Estoy seguro de que no le dio tiempo para coger un poco de aire, así, uuuf…, como quien toma impulso desde el fondo de las olas, y concentrarse en esa enojosa tarea que es respirar cuando constatas que algo va mal porque estás en el suelo, rota, desinflada. Fuera del cielo y de todos sus espejos… Sobre las lustrosos baldosines de un hotel, muerta. Debió de ser ahí, concretamente; justo antes de pensar que lo daría todo, o casi todo, por un cigarrillo.
“Muere Rita Blackberá.

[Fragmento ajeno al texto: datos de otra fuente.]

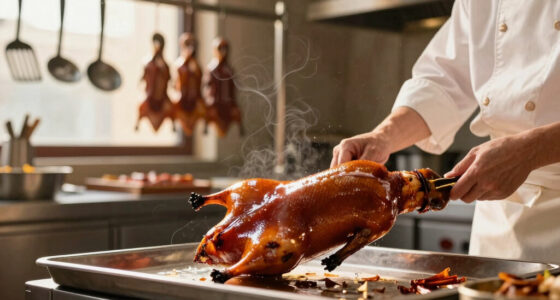 Why Chefs Inflate Peking Ducks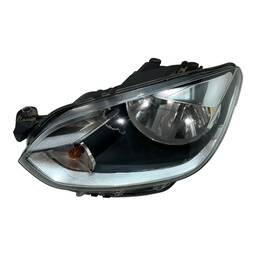 Farol Esqeurdo Up 2018 2019 a 2021 Mascara Negra 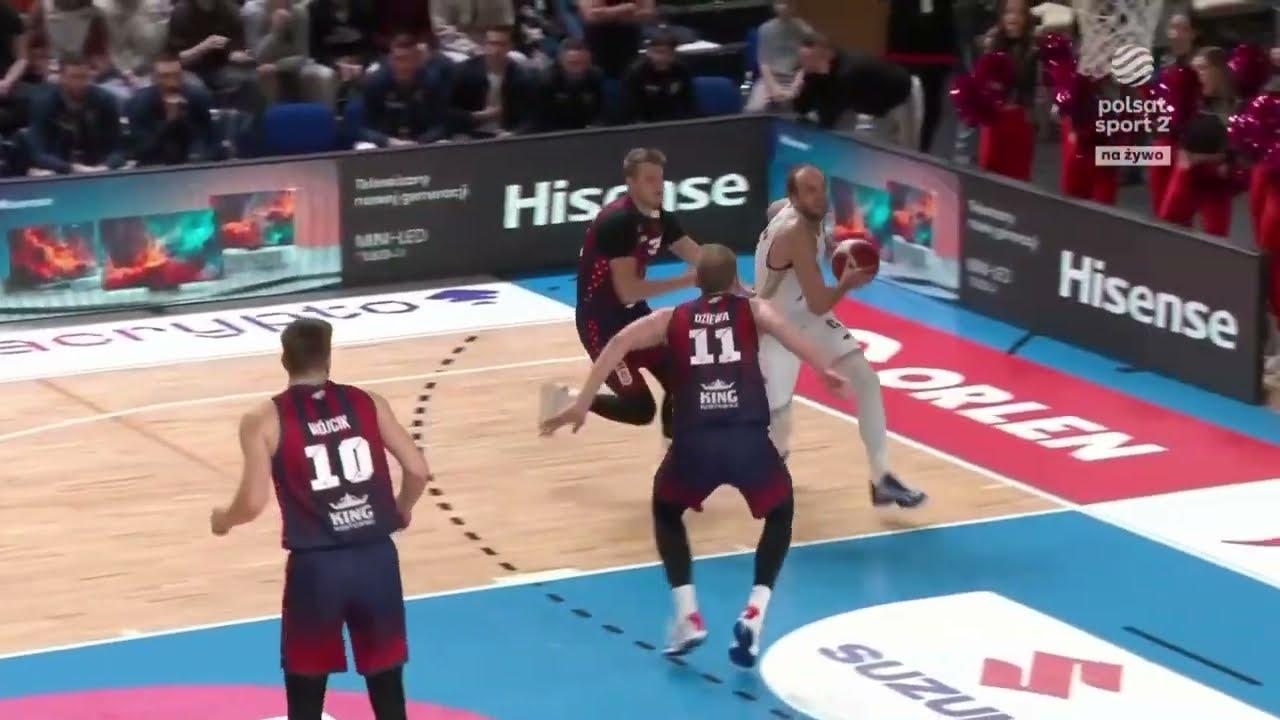 Co za wsad! Denzel Andersson! #ORLENBasketLiga #PLKPL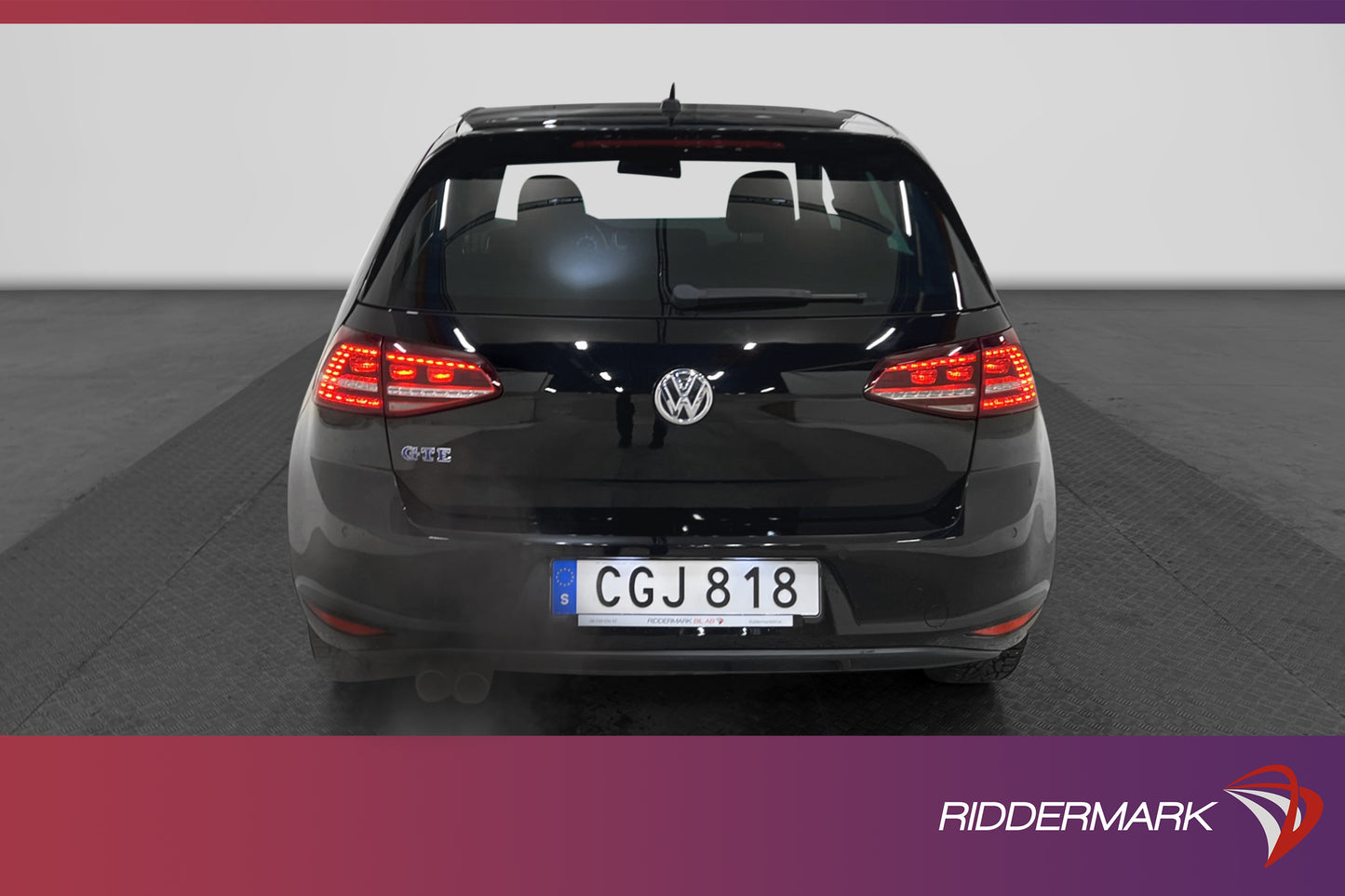 Volkswagen Golf GTE 1.4 TSI DSG 204hk Sensorer Välservad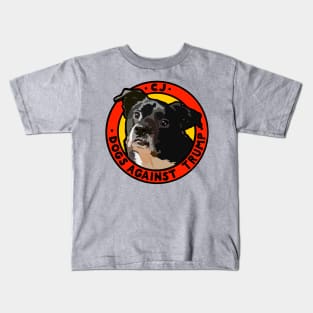 DOGS AGAINST TRUMP - CJ Kids T-Shirt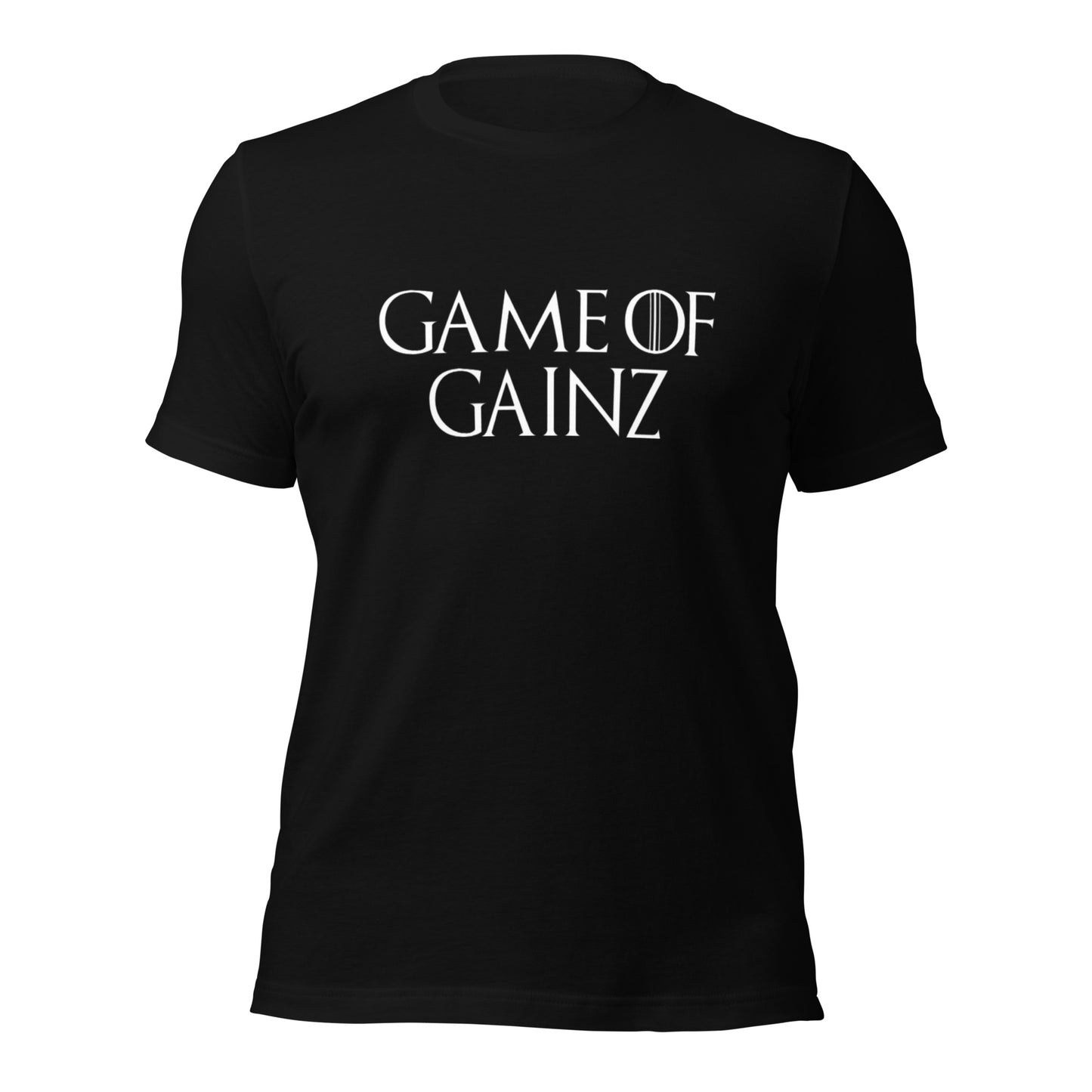 T-Shirt mit dem Spiel „Gainz“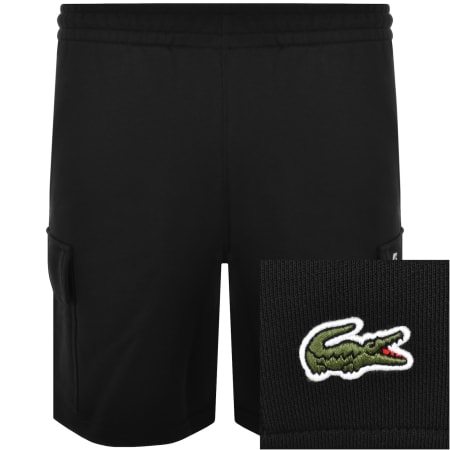 Product image for Lacoste Cargo Shorts Black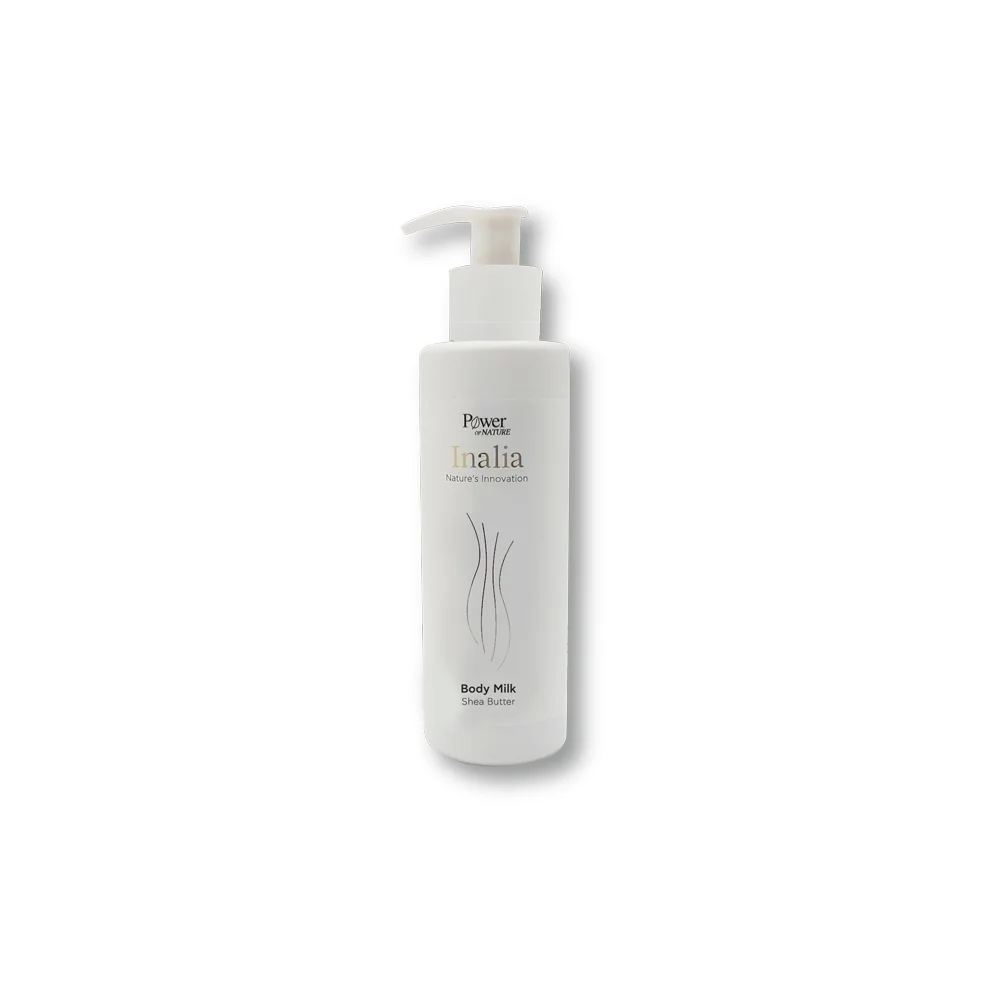 Power Health Inalia Shea Butter Body Milk Moisturizing Body Milk For Dry Skin 200ml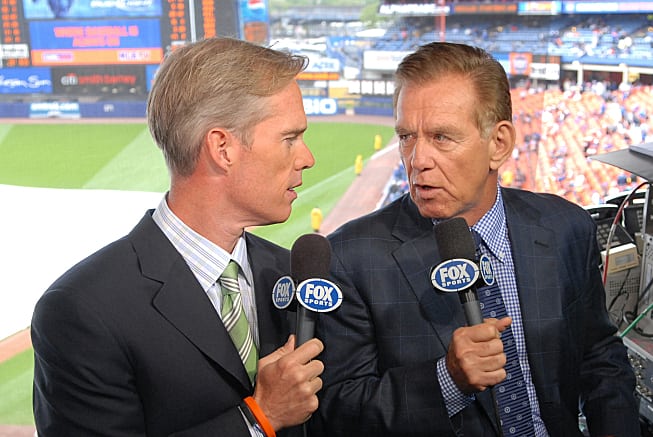Joe Buck and Tim McCarver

La exalcaldesa fallece en Madrid de un infarto a los 68 años”. Era, una vez más, a partir de ese fatídico momento, lo que desde siempre fue: un titular de portada expresamente transcrito para sorprender, con el paso cambiado, a todo el mundo.
Cuando la conocí, ella ya era lo que desde siempre fue, es decir, la eterna alcaldesa de España, y yo un plumilla deslenguado al que tuvo dos horas esperando para una entrevista destinada a un suplemento dominical. Recuerdo que apareció, embutida en un traje chaqueta de color azul eléctrico, y que despidió a su jefe de prensa con un sonoro bocinazo y, tras ordenarme pulsar el rec, empezó a responder mis preguntas con la exorbitante confianza que otorga ser la dueña de todos los despachos.
La cosa iba bien: típico toma y daca relajado, en plan partida de pimpón, con alguien que sabe que tiene bien cogidas todas las sartenes por el mango. Para lo que no estaba preparado, desde luego, fue para contemplar, alucinado, el bufido que le soltó a mi fotógrafo cuando advirtió que la estaba retratando con un humeante pitillo ubicado en un rincón de la boca.
Nunca supe si aquel fue un momento oportuno para reír o para llorar. Decidimos entonces, tras un fugaz cruce de miradas, apagar la grabadora, recoger las cámaras y abandonar aquel ayuntamiento con apariencia de paquebote. Salimos medio abochornados tras aquel broncazo consistorial. Como chiquillos pillados en falta y amonestados por su profesora a mitad del recreo. Por mi parte, sigo hoy por hoy sin saber si lo que toca es reír o llorar. Esperaré a que llegue el puñetero Black Friday. Veré entonces lo que se puede hacer.